Professor Darren Griffin received his Bachelor of Science and Doctor of Science degrees from the University of Manchester and his PhD from University College London
After postdoctoral stints at Case Western Reserve University and the University of Cambridge he landed his first academic post at Brunel University, before settling at the University of Kent, where he’s been for the last 15+ years. He has worked under the mentorship of Professors Joy Delhanty, Christine Harrison, Terry Hassold, Alan Handyside and Malcolm Ferguson-Smith.
He is President of the International Chromosome and Genome Society, a Fellow of the Royal College of Pathologists, the Royal Society of Biology and the Royal Society of Arts, Manufacture and Commerce. He sits on the faculty of CoGen (controversies in genetics) and has previously sat on the board of the Preimplantation Genetic Diagnosis International Society (PGDIS), organising its annual meeting in 2014.
Professor Griffin is a world leader in cytogenetics. He performed the first successful cytogenetic PGD (using X and Y FISH probes for sexing) and, more recently, played a significant role in the development of Karyomapping, an approach he now applies to cattle.
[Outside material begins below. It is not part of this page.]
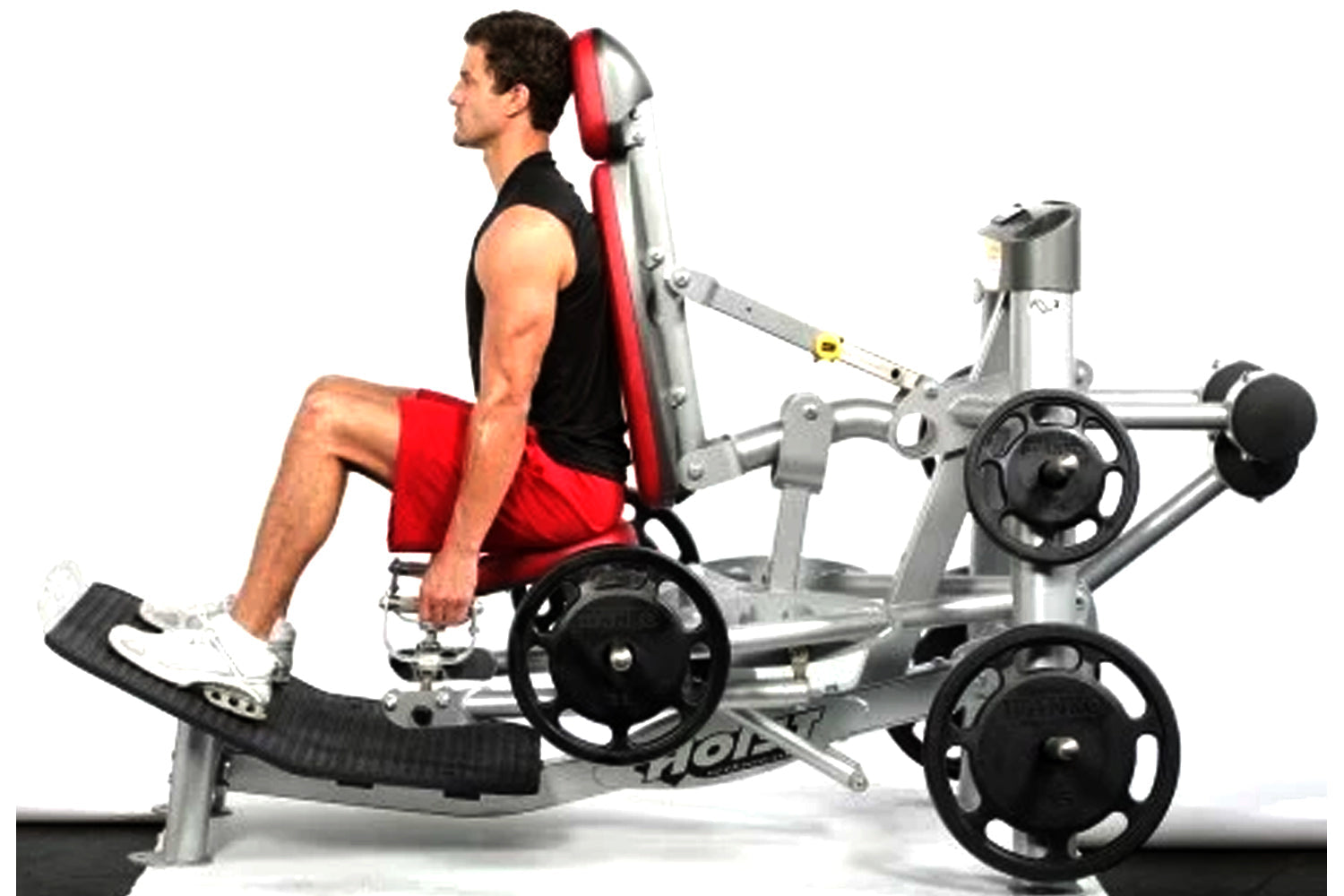 Man using silver and red Hoist ROC-IT leg press machine with black weight plates, wearing red shorts and black tank top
In a 30+ year scientific research career he has co-authored over 200 scientific publications, mainly on the cytogenetics of reproduction and evolution, most recently providing insight into the karyotypes of dinosaurs.
He is a prolific science communicator, making every effort to make scientific research publicly accessible (both his own and others) and is an enthusiastic proponent for the benefits of interdisciplinary research endeavour. He has supervised over 35 PhD students to completion and his work appears consistently in the national and international news. He currently runs a vibrant research lab of about 20 people (including a programme of externally supervised students) and maintains commercial interests in the outcomes of research findings, liaising with companies in the field.